[Crawled caption data]
╭──

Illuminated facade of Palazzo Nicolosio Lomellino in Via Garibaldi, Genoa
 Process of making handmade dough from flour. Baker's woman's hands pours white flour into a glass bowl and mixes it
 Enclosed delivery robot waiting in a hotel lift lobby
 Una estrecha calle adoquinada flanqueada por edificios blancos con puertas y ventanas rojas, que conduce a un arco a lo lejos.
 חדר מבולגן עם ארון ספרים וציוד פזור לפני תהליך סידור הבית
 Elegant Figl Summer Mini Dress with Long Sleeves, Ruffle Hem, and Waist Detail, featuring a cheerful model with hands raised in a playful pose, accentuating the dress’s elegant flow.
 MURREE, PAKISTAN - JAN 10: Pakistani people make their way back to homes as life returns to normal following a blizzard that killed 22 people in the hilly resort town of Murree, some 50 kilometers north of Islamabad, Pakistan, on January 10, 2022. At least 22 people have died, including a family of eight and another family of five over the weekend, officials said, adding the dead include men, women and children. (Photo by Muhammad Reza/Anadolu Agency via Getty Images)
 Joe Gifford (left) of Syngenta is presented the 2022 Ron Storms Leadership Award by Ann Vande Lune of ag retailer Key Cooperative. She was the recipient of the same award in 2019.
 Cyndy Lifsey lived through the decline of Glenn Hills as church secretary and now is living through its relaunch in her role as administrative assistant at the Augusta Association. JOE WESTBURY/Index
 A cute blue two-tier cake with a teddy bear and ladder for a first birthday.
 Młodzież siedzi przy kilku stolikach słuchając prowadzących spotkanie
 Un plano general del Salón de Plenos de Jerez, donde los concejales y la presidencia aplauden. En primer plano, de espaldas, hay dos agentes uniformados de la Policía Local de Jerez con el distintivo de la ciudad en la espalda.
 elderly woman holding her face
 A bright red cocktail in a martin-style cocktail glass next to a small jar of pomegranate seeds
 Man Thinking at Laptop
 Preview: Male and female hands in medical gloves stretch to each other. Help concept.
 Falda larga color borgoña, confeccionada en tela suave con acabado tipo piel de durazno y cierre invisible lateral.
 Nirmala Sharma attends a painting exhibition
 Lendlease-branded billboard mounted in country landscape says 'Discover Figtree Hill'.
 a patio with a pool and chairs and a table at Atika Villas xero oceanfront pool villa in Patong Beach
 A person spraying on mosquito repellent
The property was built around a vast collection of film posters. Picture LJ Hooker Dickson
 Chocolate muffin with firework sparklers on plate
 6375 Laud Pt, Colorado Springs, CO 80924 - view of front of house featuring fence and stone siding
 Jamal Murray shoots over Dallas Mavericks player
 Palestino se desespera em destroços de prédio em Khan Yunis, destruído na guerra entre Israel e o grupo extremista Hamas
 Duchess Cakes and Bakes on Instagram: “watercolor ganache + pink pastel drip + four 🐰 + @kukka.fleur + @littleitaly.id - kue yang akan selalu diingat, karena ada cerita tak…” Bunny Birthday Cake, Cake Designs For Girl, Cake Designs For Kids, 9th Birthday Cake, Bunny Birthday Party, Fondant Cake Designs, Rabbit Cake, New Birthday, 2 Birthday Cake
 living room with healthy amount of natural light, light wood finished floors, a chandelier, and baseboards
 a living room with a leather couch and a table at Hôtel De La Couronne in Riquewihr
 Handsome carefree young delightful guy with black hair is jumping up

╰──

WORK REQUEST —
The answer must be an exact copy of the lines from the one containing "Falda larga color" through the last line of the records, both included.

EXERCISE SOLUTION —
 Falda larga color borgoña, confeccionada en tela suave con acabado tipo piel de durazno y cierre invisible lateral.
 Nirmala Sharma attends a painting exhibition
 Lendlease-branded billboard mounted in country landscape says 'Discover Figtree Hill'.
 a patio with a pool and chairs and a table at Atika Villas xero oceanfront pool villa in Patong Beach
 A person spraying on mosquito repellent
The property was built around a vast collection of film posters. Picture LJ Hooker Dickson
 Chocolate muffin with firework sparklers on plate
 6375 Laud Pt, Colorado Springs, CO 80924 - view of front of house featuring fence and stone siding
 Jamal Murray shoots over Dallas Mavericks player
 Palestino se desespera em destroços de prédio em Khan Yunis, destruído na guerra entre Israel e o grupo extremista Hamas
 Duchess Cakes and Bakes on Instagram: “watercolor ganache + pink pastel drip + four 🐰 + @kukka.fleur + @littleitaly.id - kue yang akan selalu diingat, karena ada cerita tak…” Bunny Birthday Cake, Cake Designs For Girl, Cake Designs For Kids, 9th Birthday Cake, Bunny Birthday Party, Fondant Cake Designs, Rabbit Cake, New Birthday, 2 Birthday Cake
 living room with healthy amount of natural light, light wood finished floors, a chandelier, and baseboards
 a living room with a leather couch and a table at Hôtel De La Couronne in Riquewihr
 Handsome carefree young delightful guy with black hair is jumping up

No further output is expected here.